The specter of policy defaults loom. Though rare in the industry, they have happened. The ’90s saw several large insurers go under: Executive Life Insurance Co. of California, which had A.M. Best’s highest rating until January 1990, failed in1991. Mutual Benefit Life Insurance Company of Newark, Confederation Life Insurance Co. and California-based First Capital Holdings fell because of asset runs by investors. Today, Wagner believes, “some of the state insurance guarantee funds would have a very difficult time trying to make someone whole. Someone buys an annuity thinking, ‘I’m safe.’” She cautions that advisors have a duty to know the insurers’ assets, surpluses, reserves, lawsuits, complaints—and where the companies are based, since guarantee funds vary widely from one state to the next, she says.
And troubled insurers are not just a thing of the past. The Phoenix Companies of Hartford, Conn., which makes guarantees on variable and fixed indexed annuity contracts, including products with guaranteed minimum accumulation benefits and guaranteed minimum withdrawal benefits, has lost its Moody’s rating because there was insufficient financial information on the company. The Phoenix Companies filed its 10-K for 2012 on the last day of 2013. The SEC issued a cease-and-desist order on March 21 addressing the company’s late filings and issued new strict deadlines. Standard & Poor’s as of May 8 had a “B-” rating on Phoenix with a negative outlook. A.M. Best in August downgraded the Phoenix Companies’ subsidiaries, dropping their financial strength ratings to “B” (fair) from “B+” (good) and issuer credit ratings to “bb+” from “bbb-”. All of the company’s ratings are below investment grade. As of May 7, its share price was down 23.4% since the first of the year, according to InvestorPlace.com.
“It’s incredible—scary,” says Wagner, one of the only principals interviewed for this article who was aware of the company’s problems. “Wouldn’t that financial advisor advising someone to go into that company’s products have some fiduciary concerns? Maybe? There could be potential fiduciary liability certainly.” Wagner cautions about using third-party experts, too. “They’re only as good as their expertise. Check their qualifications, previous recommendations, years in the industry, costs-to-benefit. Do a prudent investigation.” Apparently there’s no getting rid of fiduciary liability. Says Wagner, “It can and will come back … the fiduciary boomerang.”
There is still another type of annuity request advisors are getting—clients looking for valuations of existing annuities in light of their current situations. Here, Stephen Esposito, who works directly with fee-only fiduciary advisors and planners, assists clients as part of Parsippany, N.J.-based Macro Consulting’s year-old annuity review program. Nearly 90% of the benefits Esposito fields questions about involve guaranteed withdrawal benefits. Macro has gotten inquiries from more than 150 advisors to date asking about variable annuities, which he calls very complex products.
Some inside advice: Esposito says the insurers could afford to be much more generous before the financial crisis.
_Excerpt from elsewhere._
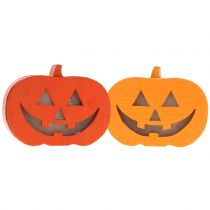 Pumpa dekoration med ljus 8,5cm 4st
So most of the older or legacy annuities are better than today’s. “After 2008, insurance companies started pulling back on the attractiveness of guarantees. So a lot of older contracts—2010 or earlier—are very difficult to replicate today.”
His fee is $399 for a consultation, which is good for up to two contracts. After that it’s $99 for each additional call. Advisors shouldn’t be embarrassed to ask, Esposito says. Even CFPs who have already bought annuities for their own use have called him after the fact for clarification on some of the finer points. And advice might even help advisors avoid a lawsuit for failure to exercise fiduciary due diligence.